» **Exercise**
From the line with "VW Taigo 1.0" through the final line below, restate each line word for word and return nothing else.

(Short descriptive text snippets)
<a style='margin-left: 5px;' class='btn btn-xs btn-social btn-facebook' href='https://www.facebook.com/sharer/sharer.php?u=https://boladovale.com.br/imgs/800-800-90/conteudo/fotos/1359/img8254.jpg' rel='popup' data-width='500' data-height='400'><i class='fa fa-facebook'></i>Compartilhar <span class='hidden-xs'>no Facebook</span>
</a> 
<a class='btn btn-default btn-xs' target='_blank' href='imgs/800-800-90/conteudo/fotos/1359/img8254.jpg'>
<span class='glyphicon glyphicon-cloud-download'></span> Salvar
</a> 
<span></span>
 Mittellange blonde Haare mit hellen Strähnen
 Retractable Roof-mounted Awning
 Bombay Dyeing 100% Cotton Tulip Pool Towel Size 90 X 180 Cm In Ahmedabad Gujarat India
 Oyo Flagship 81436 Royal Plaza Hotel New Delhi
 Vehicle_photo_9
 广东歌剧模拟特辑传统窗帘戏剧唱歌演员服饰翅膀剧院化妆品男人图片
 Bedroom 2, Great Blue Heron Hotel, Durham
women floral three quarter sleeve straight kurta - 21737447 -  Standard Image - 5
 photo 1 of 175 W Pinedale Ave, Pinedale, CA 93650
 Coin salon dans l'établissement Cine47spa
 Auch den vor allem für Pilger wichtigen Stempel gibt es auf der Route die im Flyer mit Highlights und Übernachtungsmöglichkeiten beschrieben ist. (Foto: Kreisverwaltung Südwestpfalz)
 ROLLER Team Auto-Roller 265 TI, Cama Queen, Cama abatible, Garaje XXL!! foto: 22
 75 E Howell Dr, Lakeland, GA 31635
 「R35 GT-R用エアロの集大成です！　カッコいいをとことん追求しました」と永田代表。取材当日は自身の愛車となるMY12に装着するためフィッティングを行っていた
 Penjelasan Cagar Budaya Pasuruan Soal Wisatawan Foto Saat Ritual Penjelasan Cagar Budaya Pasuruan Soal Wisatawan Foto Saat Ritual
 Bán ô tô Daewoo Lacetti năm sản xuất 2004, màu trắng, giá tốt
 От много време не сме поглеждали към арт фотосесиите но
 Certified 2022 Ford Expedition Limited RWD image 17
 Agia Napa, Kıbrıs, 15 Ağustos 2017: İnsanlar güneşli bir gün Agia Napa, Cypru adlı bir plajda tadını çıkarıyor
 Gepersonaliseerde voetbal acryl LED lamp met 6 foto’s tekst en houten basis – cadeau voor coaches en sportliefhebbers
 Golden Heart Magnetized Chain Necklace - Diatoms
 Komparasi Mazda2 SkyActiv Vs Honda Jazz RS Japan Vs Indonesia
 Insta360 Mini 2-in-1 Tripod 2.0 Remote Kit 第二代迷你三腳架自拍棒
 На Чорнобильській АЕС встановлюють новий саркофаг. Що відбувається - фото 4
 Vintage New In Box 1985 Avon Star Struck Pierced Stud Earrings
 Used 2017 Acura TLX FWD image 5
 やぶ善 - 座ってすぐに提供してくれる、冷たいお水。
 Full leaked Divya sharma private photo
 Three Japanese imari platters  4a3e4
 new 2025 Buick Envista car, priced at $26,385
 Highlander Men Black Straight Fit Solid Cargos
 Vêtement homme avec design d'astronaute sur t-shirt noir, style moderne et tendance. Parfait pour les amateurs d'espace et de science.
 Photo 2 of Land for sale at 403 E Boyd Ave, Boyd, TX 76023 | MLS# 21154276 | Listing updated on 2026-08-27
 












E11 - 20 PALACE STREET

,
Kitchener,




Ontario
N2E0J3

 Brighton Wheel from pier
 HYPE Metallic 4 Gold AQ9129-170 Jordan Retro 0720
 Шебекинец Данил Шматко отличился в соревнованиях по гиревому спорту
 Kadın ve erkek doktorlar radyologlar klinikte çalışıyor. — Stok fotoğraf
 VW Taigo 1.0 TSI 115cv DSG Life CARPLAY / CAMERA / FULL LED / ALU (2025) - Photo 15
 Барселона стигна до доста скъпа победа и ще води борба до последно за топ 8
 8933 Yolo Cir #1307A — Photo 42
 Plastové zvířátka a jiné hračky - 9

» **Response to this exercise**
 VW Taigo 1.0 TSI 115cv DSG Life CARPLAY / CAMERA / FULL LED / ALU (2025) - Photo 15
 Барселона стигна до доста скъпа победа и ще води борба до последно за топ 8
 8933 Yolo Cir #1307A — Photo 42
 Plastové zvířátka a jiné hračky - 9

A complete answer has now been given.